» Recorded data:
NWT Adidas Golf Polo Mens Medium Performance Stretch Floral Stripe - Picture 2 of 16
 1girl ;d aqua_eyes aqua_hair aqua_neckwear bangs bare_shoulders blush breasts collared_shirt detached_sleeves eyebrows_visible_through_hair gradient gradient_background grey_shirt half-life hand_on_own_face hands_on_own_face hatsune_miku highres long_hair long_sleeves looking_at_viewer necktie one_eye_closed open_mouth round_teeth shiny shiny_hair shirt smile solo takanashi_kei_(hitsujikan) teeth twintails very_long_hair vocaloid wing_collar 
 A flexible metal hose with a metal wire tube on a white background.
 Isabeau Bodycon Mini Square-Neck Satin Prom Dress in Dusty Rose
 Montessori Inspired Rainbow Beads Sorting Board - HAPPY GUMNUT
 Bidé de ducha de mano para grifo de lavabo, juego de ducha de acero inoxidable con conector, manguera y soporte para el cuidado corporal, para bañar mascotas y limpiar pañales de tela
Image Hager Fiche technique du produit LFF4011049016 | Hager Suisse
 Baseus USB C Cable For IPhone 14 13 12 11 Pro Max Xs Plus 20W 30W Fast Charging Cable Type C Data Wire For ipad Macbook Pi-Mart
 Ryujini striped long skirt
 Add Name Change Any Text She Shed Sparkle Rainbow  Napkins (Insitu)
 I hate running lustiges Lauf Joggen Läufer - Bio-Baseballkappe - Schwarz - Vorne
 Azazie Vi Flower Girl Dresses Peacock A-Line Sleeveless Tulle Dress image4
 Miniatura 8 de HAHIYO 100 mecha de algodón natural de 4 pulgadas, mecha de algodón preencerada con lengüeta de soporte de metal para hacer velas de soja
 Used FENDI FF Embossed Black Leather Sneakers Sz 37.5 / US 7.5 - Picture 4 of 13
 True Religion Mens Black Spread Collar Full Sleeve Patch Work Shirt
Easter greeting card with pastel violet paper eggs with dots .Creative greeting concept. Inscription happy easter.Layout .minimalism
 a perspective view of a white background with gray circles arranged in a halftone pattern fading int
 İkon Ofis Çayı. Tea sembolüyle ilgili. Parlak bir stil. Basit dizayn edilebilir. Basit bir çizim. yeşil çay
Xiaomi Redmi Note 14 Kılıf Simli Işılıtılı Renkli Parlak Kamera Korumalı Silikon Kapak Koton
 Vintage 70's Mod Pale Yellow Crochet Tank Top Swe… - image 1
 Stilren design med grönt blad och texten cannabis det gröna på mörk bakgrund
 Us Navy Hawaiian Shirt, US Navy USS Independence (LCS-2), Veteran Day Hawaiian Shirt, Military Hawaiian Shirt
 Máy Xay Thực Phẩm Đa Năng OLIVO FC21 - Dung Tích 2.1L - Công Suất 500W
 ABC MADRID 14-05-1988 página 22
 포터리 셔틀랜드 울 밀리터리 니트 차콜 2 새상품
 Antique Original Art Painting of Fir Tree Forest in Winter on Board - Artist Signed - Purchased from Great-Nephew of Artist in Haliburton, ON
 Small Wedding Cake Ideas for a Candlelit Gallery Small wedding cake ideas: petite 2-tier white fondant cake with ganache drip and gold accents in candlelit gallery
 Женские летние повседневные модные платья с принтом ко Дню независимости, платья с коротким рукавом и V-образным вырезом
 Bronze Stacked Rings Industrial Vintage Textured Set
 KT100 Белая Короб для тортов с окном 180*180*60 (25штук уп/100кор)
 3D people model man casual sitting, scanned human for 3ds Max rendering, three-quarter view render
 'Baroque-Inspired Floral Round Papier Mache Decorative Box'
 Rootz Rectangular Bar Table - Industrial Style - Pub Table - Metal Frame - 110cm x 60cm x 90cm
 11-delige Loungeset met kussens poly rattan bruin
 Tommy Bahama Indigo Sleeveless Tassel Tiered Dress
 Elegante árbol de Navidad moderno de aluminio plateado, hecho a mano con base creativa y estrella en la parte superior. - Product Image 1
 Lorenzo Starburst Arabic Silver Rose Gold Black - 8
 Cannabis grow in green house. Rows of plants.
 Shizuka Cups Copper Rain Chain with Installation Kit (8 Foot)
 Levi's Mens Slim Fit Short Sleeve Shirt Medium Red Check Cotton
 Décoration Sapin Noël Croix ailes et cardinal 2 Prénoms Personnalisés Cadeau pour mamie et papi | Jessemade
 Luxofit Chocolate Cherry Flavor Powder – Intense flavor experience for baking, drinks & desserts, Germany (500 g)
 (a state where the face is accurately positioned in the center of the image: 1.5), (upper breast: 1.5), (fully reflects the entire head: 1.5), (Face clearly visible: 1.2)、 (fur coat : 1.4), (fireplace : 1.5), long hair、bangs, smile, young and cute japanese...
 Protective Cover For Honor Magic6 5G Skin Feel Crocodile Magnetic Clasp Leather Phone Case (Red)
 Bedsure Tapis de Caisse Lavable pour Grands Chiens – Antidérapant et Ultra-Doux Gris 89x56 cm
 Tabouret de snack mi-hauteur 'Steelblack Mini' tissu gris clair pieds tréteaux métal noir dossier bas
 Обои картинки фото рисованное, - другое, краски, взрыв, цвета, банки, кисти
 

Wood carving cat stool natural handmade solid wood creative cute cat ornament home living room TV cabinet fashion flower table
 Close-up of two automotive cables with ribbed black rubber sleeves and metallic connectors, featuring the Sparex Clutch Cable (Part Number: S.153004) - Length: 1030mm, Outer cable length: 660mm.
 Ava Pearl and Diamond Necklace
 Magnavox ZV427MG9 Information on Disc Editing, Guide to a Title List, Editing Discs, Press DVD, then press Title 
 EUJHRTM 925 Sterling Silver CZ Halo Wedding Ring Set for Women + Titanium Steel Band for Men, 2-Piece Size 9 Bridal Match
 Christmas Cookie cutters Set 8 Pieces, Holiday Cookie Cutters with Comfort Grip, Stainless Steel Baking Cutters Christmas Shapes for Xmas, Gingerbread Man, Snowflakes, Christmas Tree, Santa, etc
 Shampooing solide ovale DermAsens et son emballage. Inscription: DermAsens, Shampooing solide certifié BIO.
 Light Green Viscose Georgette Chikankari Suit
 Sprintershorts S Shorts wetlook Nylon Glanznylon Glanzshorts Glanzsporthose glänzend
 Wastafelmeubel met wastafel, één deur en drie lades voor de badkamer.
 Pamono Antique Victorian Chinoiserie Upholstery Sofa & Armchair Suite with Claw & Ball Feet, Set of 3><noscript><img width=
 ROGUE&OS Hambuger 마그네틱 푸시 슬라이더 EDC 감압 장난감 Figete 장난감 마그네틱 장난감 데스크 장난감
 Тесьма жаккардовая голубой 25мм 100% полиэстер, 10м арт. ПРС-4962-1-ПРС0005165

» REQUIREMENT: Repeat, word for word, the lines from the start of the records to the line that contains "Ryujini striped long skirt", both of them included, and no others.

» FINAL ANSWER:
NWT Adidas Golf Polo Mens Medium Performance Stretch Floral Stripe - Picture 2 of 16
 1girl ;d aqua_eyes aqua_hair aqua_neckwear bangs bare_shoulders blush breasts collared_shirt detached_sleeves eyebrows_visible_through_hair gradient gradient_background grey_shirt half-life hand_on_own_face hands_on_own_face hatsune_miku highres long_hair long_sleeves looking_at_viewer necktie one_eye_closed open_mouth round_teeth shiny shiny_hair shirt smile solo takanashi_kei_(hitsujikan) teeth twintails very_long_hair vocaloid wing_collar 
 A flexible metal hose with a metal wire tube on a white background.
 Isabeau Bodycon Mini Square-Neck Satin Prom Dress in Dusty Rose
 Montessori Inspired Rainbow Beads Sorting Board - HAPPY GUMNUT
 Bidé de ducha de mano para grifo de lavabo, juego de ducha de acero inoxidable con conector, manguera y soporte para el cuidado corporal, para bañar mascotas y limpiar pañales de tela
Image Hager Fiche technique du produit LFF4011049016 | Hager Suisse
 Baseus USB C Cable For IPhone 14 13 12 11 Pro Max Xs Plus 20W 30W Fast Charging Cable Type C Data Wire For ipad Macbook Pi-Mart
 Ryujini striped long skirt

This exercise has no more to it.